Cars are part of our everyday lives. For many of us, it would be hard to imagine life without cars. So it’s not surprising to browse the Trade Literature Collection at the National Museum of American History Library and find catalogs by automobile manufacturers. Let’s take a look at one of these catalogs, a catalog describing the 1910 car models for Peerless Motor Car Co.
Along with Pierce-Arrow and Packard, Peerless was one of the “Three Ps” known for making cars. But Peerless did not always manufacture cars. Before the company was Peerless Motor Car Co., it was known as Peerless Manufacturing Co. Their products included clothes wringers, bicycles, and eventually horseless single-cylinder* buggies called Motorettes.
Soon automobiles came along, and in 1902, the company became Peerless Motor Car Co. At first, Peerless manufactured racing cars, notably the Green Dragon driven by Barney Oldfield, but then went on to build luxury cars. The last car built on the assembly line by Peerless Motor Car Co. was in 1931.
But let’s go back to 1910 when the company was busy making cars. Peerless Motor Cars 1910 illustrates two models for that year. Model 27 is a four-cylinder thirty horsepower car and Model 28 is a six-cylinder fifty horsepower car. The catalog begins with a description of both models including improvements for the 1910 models. One improvement was “a larger gasoline tank, holding about 22 gallons.”

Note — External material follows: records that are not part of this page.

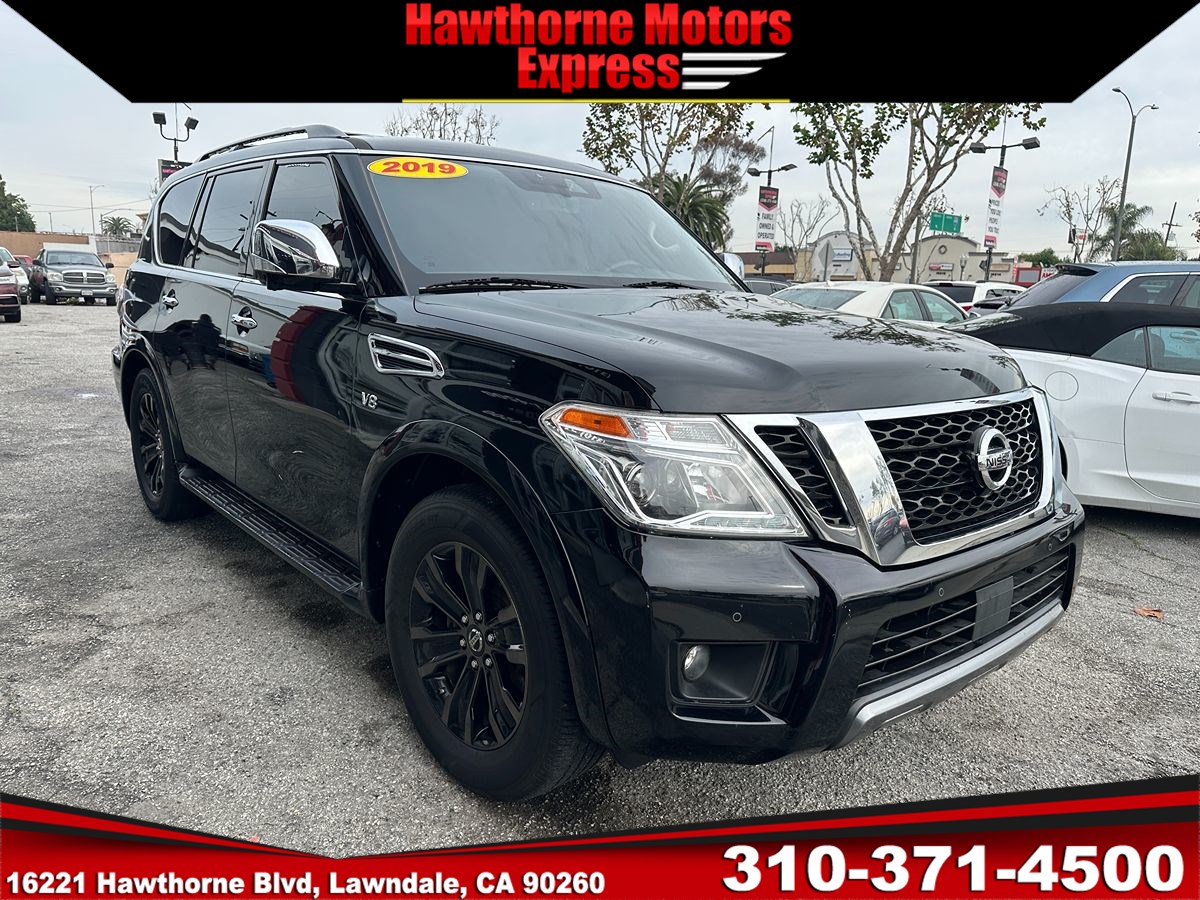 2019 Nissan Armada Platinum's photo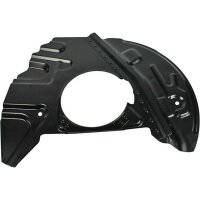 Brake disc splash guard front left METZGER for BMW X5 (E53)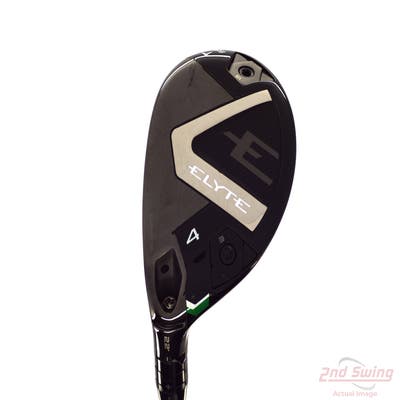 Callaway Elyte Hybrid 4 Hybrid 22° Graphite Design Tour AD HY 75 Graphite Regular Left Handed 40.0in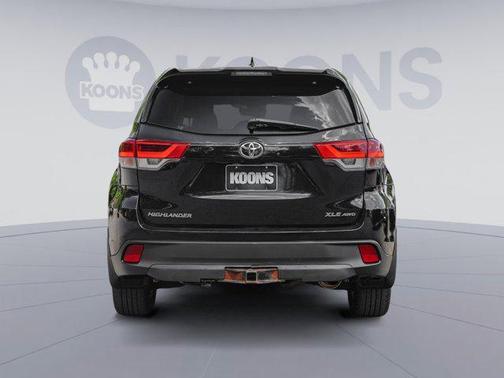 2019 Toyota Highlander XLE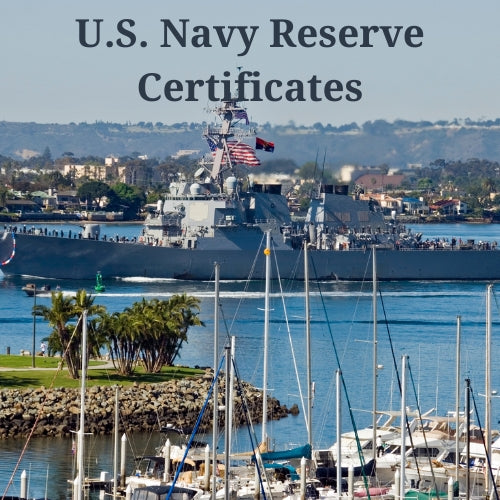U.S. Navy Reserve Certificates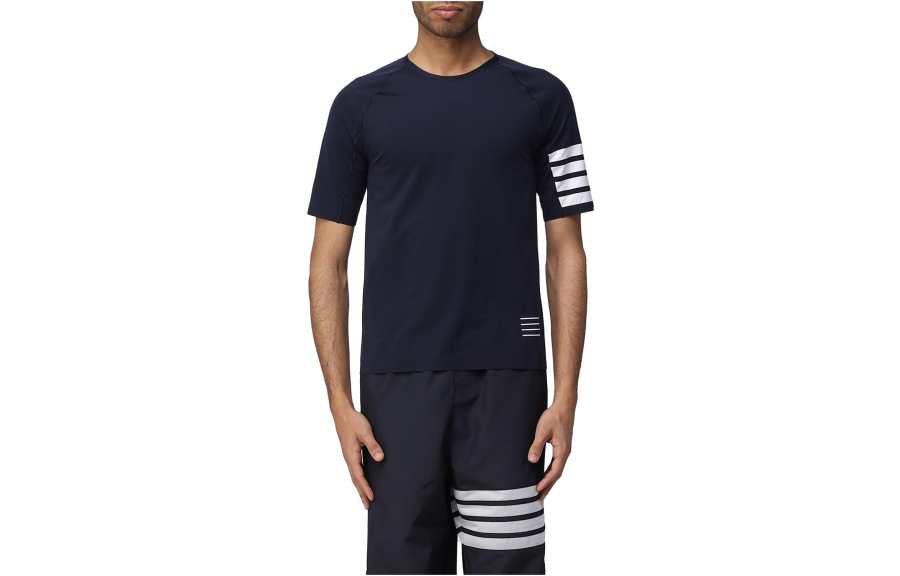 THOM BROWNE THOM BROWNE· T Shirt Men's Navy Blue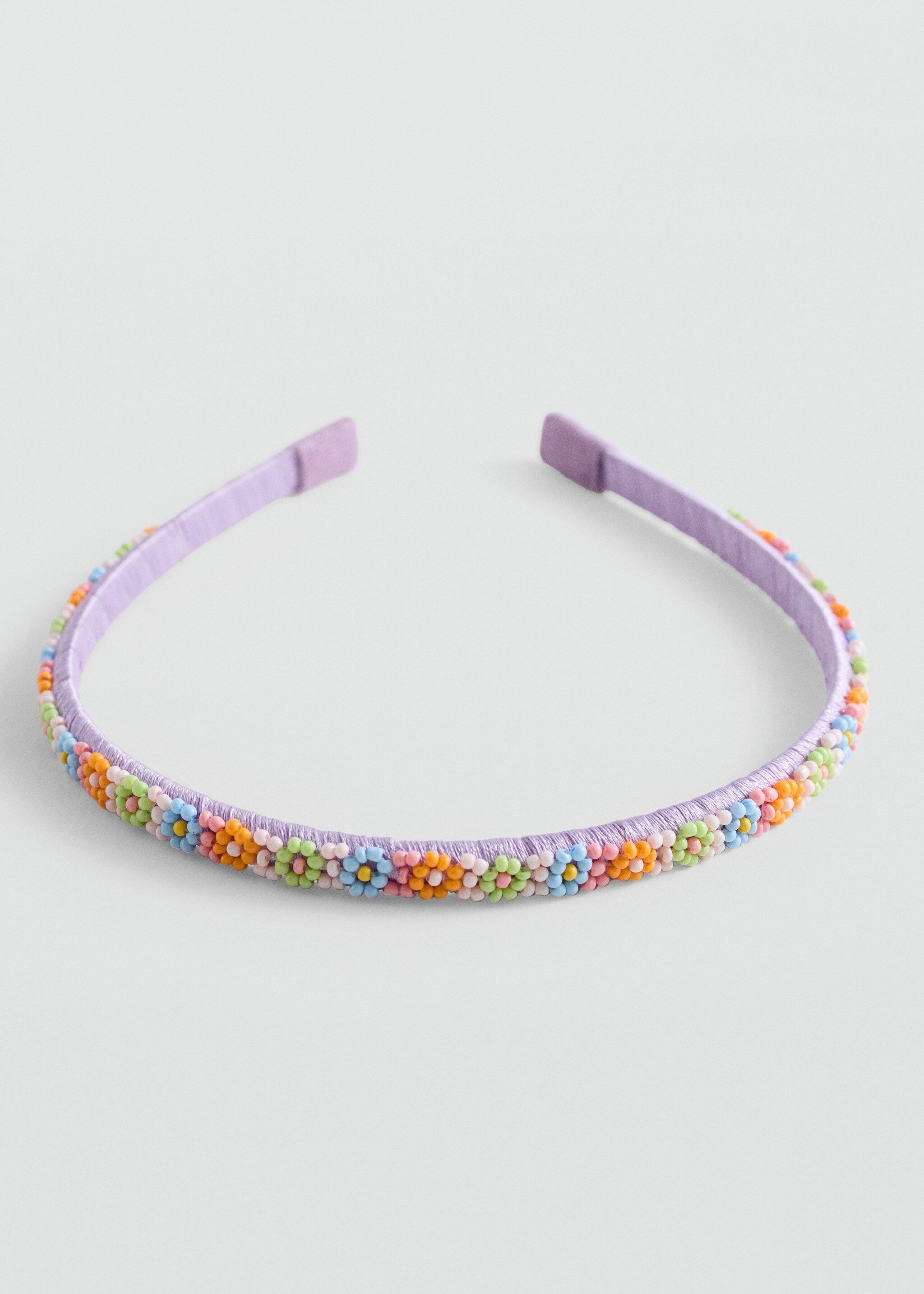 Beaded detail headband - Details of the article 1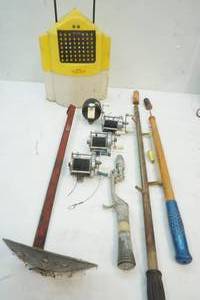 lot 59 image: Fishing equipment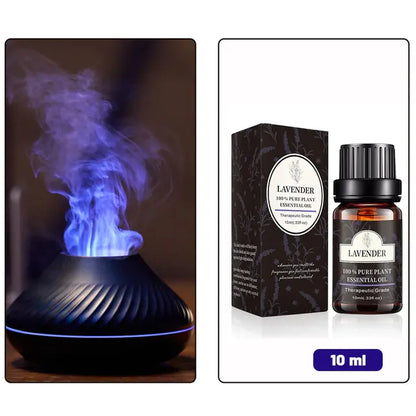 Volcanic Flame Aroma Diffuser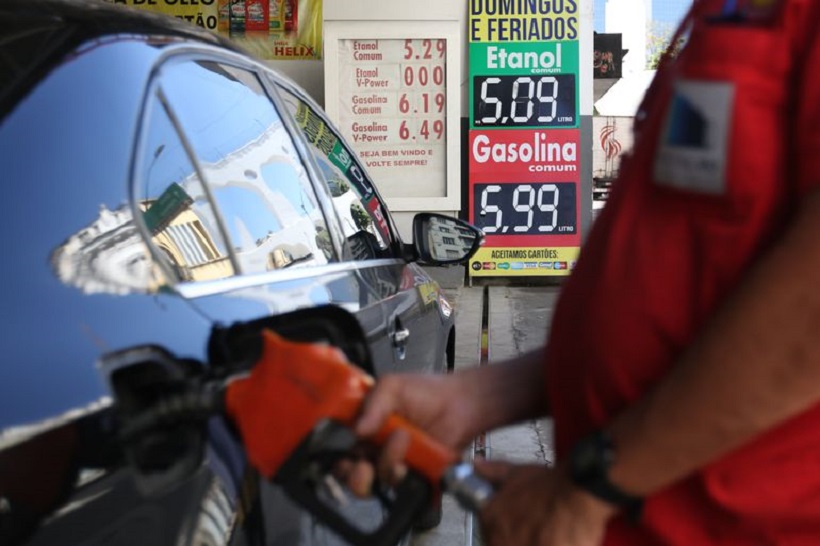  Decreto aumenta ICMS sobre litro de combustível em R$ 0,09 na Bahia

Throughout the catalog are images of several Peerless cars. One of these is the Peerless Limousine. “Planned and built on attractive lines calculated to please the most refined tastes,” the Peerless Limousine seated five people. Passengers had the luxury of electric reading lights, armrests, and a speaking tube to communicate with the driver. Other cars illustrated in the catalog include the Touring Car, Roadster, and Landaulet.
Peerless Motor Cars 1910 is located in the Trade Literature Collection at the National Museum of American History Library. Take a look at Galaxy of Images to see more pages from this catalog.
Resources consulted include:
Kimes, Beverly Rae. Standard Catalog of American Cars, 1805-1942. Iola, Wis.: Krause Publications, 1985.
Stein, Ralph. The American Automobile. New York: Random House, .
*Edited on 11/27/2013 to clarify that the Motorette was a horseless single-cylinder buggy.
Is it just me or the old cars had much more dignity and class then the ones we have now?
Manufacturers like Peerless (Pierce-Arrow, Cadillac, et al) were selling a life-style as well as a car.
Other fine manufacturers (Franklin, for example) used specifications and boasts describing how great their car was. Peerless ads were understated and presented the name and a picture of high social class which happened to include the car.
They sold quality by association. Of course, high social class is looked down on in society today. We are all supposedly equal.
I grew up in Ephrata, Washington, a small town in about the center of the state. My father operated a garage and machine shop there. Sometime in the ’30s a “Flying Circus” came to town. They needed repair on either the airplane or the Peerless Limo. My father did the work. When the owners of the Flying Circus could not pay the bill, my father went to court and got the title to the Limo. Our family used the car for years. The limo fell into disuse and was parked along with other vehicles behind my Dad’s business. My father passed away in 1944. My bother was home from WWII by that time but did not use the car. I am now in my ’90s so I will have to check with relatives to see if anyone knows what happened to the vehicles that were parked there.